Besides the official negotiations and speeches, the U.N. Climate Change Conference in Bali that I've been attending also provided opportunities for sharing new research and ideas. Two subjects dominated the schedule: adaptation and forestry (no doubt reflecting the preferences of our Indonesian hosts). Here I briefly discuss the use of climate models in adaptation -- a critical issue for those in the development community. [In a separate post to follow I'll note some new efforts in the measurement and monitoring of forest carbon.]
It is obvious that societies will have difficulty adapting to coming climate change without better information on the magnitude and location of expected climatic impacts at the local level. Identifying the problem spots is only the first step. Detailed projections on a range of natural phenomena are critical to choosing the appropriate intervention.

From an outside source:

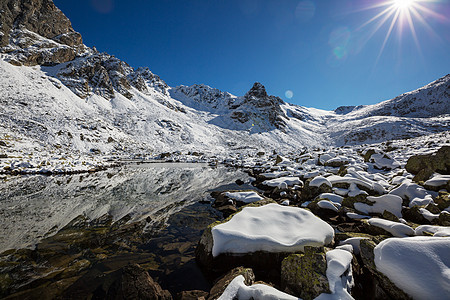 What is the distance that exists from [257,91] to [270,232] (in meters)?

For example, if the glacier that feeds your local river basin is disappearing, it's easy enough to see you have a problem. But how you respond will likely depend on what is expected to happen to precipitation, runoff, groundwater recharge, and evapotranspiration as well as seasonal trends in temperature and snowpack accumulation that will impact the rate of deglaciation. The decision to build a dam, expand groundwater extraction, or switch to an entirely different water source is affected by that information.
At present, the deployment of modeled climate projections at the regional or local scale is quite limited. In general, the spatial resolution provided by existing global circulation models (GCMs) is inadequate for local-scale adaptation and planning. Increased temporal resolution is also critical for particular applications. Adequately understanding changes in crop yields, for example, requires projections of overnight temperatures, not just daily means.
For the research community, there are three approaches to addressing this handicap. 1) Statistical "downscaling" of existing GCMs to increase the spatial and temporal resolution of the output. A good example of this technique is a study led by Stanford's Ros Naylor on the effects of climate variability on Indonesian rice cultivation. 2) The development of country or regional climate models that are "nested" within GCMs. A new 5-year research program at the UK's Hadley Centre will focus on improving this kind of work. 3) The creation of next-generation, high-resolution GCMs. The U.S.'s National Center for Atmospheric Research (NCAR) has plans to run a high-resolution version of its own GCM at Japan's Earth Simulator Center, which houses one of the world's fastest supercomputers.
Each approach has its own strengths -- usually reflecting an inherent tradeoff between accuracy and required computing power. I'm particularly excited about the prospects for high-resolution GCMs. I've been told we might expect output from the NCAR/Earth Simulator exercises in a couple of years.
That gives the social science/development community an idea of how much time it has to get ready. Once the local-scale climate projections are available, we'll need research tools able to turn the raw data into actionable information. Issues like agricultural production, health impacts, and water availability are in need of some serious cross-disciplinary research if climate adaptation is going to be effectively addressed.
Natural scientists have been fighting the good fight on the climate front for years. Helping shape the adaptation agenda -- with an eye toward maximizing its impact on sustainable development -- is one way social scientists can provide valuable assistance as we enter a dangerous period for the world's most vulnerable societies.